I need not make this conclusion long, because I feel it is fairly clear that same-sex marriage is not economically irrational, but rather the opposite. How could a new market opening for businesses be construed as irrational in economic terms? If we look at this argument solely with regards to rationality, then my argument stands, because there can be nothing more economically irrational than not serving your customers. However, while do agree to a certain extent with some of my opponent's arguments, this is only when I completely put aside how unacceptable it would be not to serve same-sex couples based on their sexuality, and the business owners' religion. By my opponent's argument and belief in liberalism, it should follow that he believes fundamentalist Muslims should be able to kill "infidel" and force women in the USA and Western world to wear burkas and hijabs because not doing so would be a violation of their conscience. Would my opponent agree that a Muslim business owner can refuse a Jew or Christian service, because they don't agree with their beliefs or lifestyle? I'm sorry, but that just isn't how liberalism works. We live in a secular society, where religious beliefs come after human nature and basic human and civil rights.

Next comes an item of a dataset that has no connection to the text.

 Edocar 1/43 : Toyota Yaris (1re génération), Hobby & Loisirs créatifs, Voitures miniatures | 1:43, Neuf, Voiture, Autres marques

There is no protection within the Constitution of the rights of religious people to refuse service to same-sex couples. The First Amendment states "Congress shall make no law respecting an establishment of religion" - the USA is an inherently secular society. This clause in the Constitution guarantees the separation of Church and State, in my belief, for reasons such as this - not same-sex marriage specifically, but rather to strike down religion when human rights come into conflict with religion. Instead, refusing service to the LGBT community is in abridgement of the Fifth Amendment.
So to conclude, aside from being against political liberalism, basic freedom of expression and speech and just generally discriminatory and homophobic, it is undoubtedly economically irrational to refuse service to same-sex couples for the reasons I have argued above. There is nothing rational about rejecting a bigger market as a business owner, which will result in more money going into the economy. It's really that simple.